As yolo normalizes the bounding box metadata, path to corresponding images directory must be provided (via `images_dir`) so that physical dimension of image data can be inferred.

Also, path to `classes_file` (usually classes.txt) should be provided that lists all the class labels that is used for the annotation. Without this, `pybboxes` will fail to assign appropriate class labels when converting across different annotations format.

#### 2.2 Load from voc
```python
from pybboxes.annotations import Annotations

anns = Annotations(annotation_type='voc')

anns.load_from_voc(labels_dir='./labels')
```

#### 2.3 Load from coco
```python
from pybboxes.annotations import Annotations

anns = Annotations(annotation_type='coco')

anns.load_from_coco(json_path='./validation.json')
```

### 3. Saving annotations to different format
#### 3.1 Saving annotations to yolo format
As every image data has its own corresponding annotation file in yolo format, you have to provide path to `export_dir` where all the annotation files will be written.

```python
from pybboxes.annotations import Annotations

anns = Annotations(annotation_type='coco') # just for the demonstration purpose

anns.load_from_coco(json_path='./validation.json') # we could have loaded the annotation data from other format as well

anns.save_as_yolo(export_dir='./labels')
```
This will create all the required annotation files (in yolo format) in given directory. Additionally, it will also create `classes.txt` in the given folder which will list all the class labels used for the annotation.

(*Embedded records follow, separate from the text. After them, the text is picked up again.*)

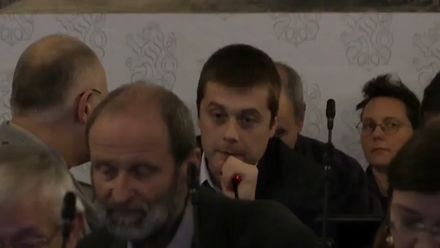„Homosexuálně nemocné lidi neubytovávám.“ Debata ve sněmovně se vymkla kontrole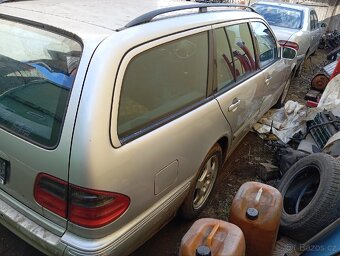 Mercedes S210 270cdi - dily - 2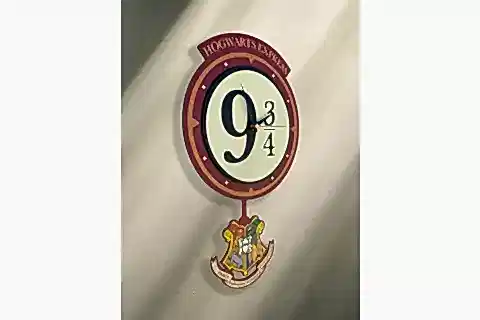 HOGWARTS EXPRESS II DEKORATİF SARKAÇLI DUVAR SAATİ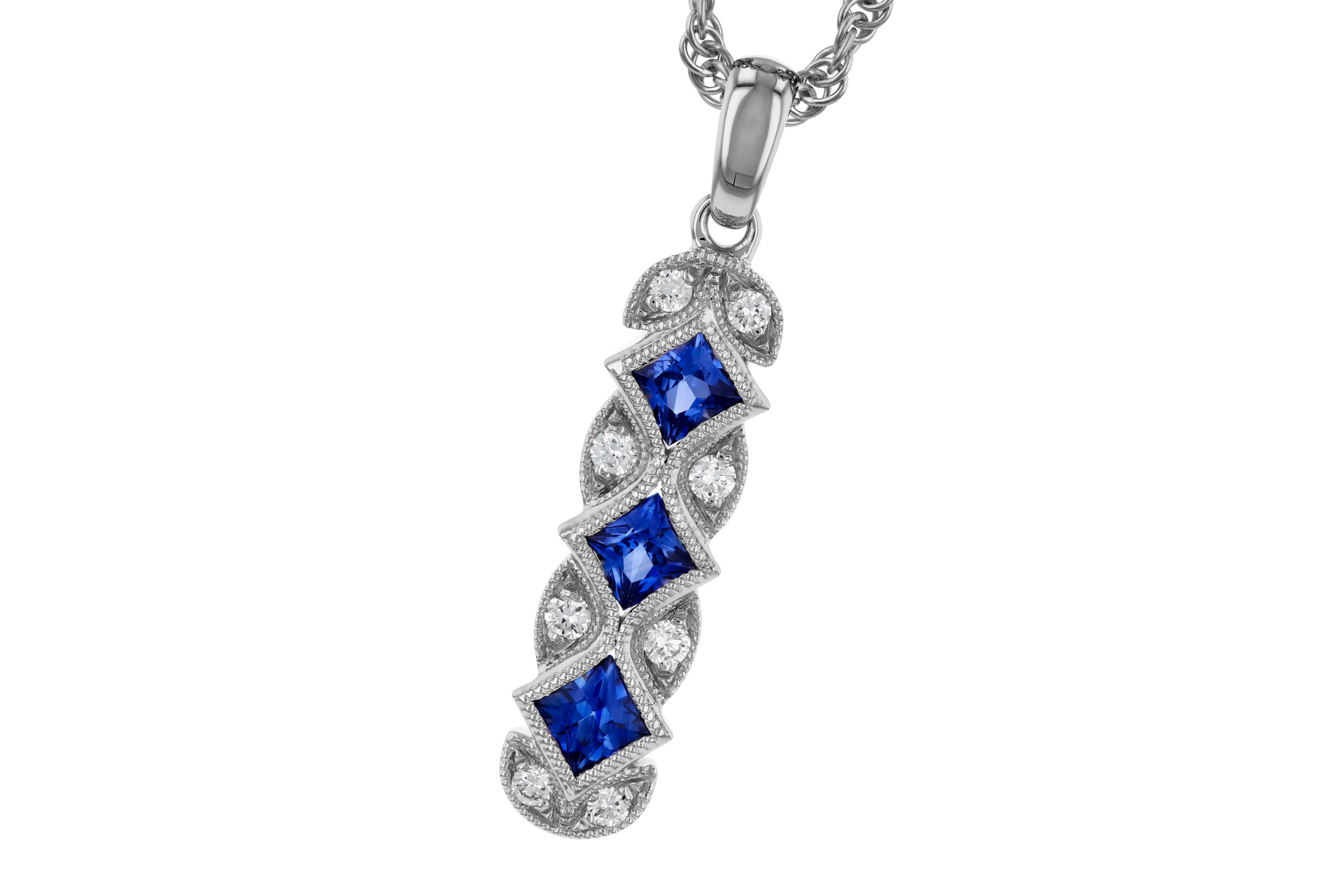 E321-02007: NECKLACE .55 TW SAPPHIRE .64 TGW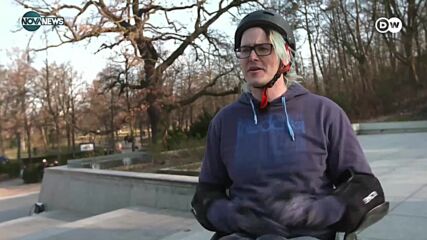 Как изглежда специална инвалидна количка за скейтърски трикове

#### 3.2 Saving annotations to voc format
Just like yolo format, in voc format, every image data has also its own corresponding annotation file. So, you have to provide path to `export_dir` where all the annotation files will be written.

```python
from pybboxes.annotations import Annotations

anns = Annotations(annotation_type='coco') # just for the demonstration purpose

anns.load_from_coco(json_path='./validation.json') # we could have loaded the annotation data from other format as well

anns.save_as_voc(export_dir='./labels')
```

#### 3.3 Saving annotations to coco format
To export annotations in coco format, you just have to provide name (or path) of the output file (in json format) via `export_file`.

```python
from pybboxes.annotations import Annotations

anns = Annotations(annotation_type='voc') # just for the demonstration purpose

anns.load_from_voc(labels_dir='./labels') # we could have loaded the annotation data from other format as well

anns.save_as_coco(export_file='./validation.json')
```

## Contributing

### Installation

Install the package as follows, which will set you ready for the development mode.

```shell
pip install -e .[dev]
```

### Tests

To tests simply run.

python -m tests.run_tests

### Code Style

To check code style,

python -m tests.run_code_style check

To format codebase,

python -m tests.run_code_style format

## License

Licensed under the [MIT](LICENSE) License.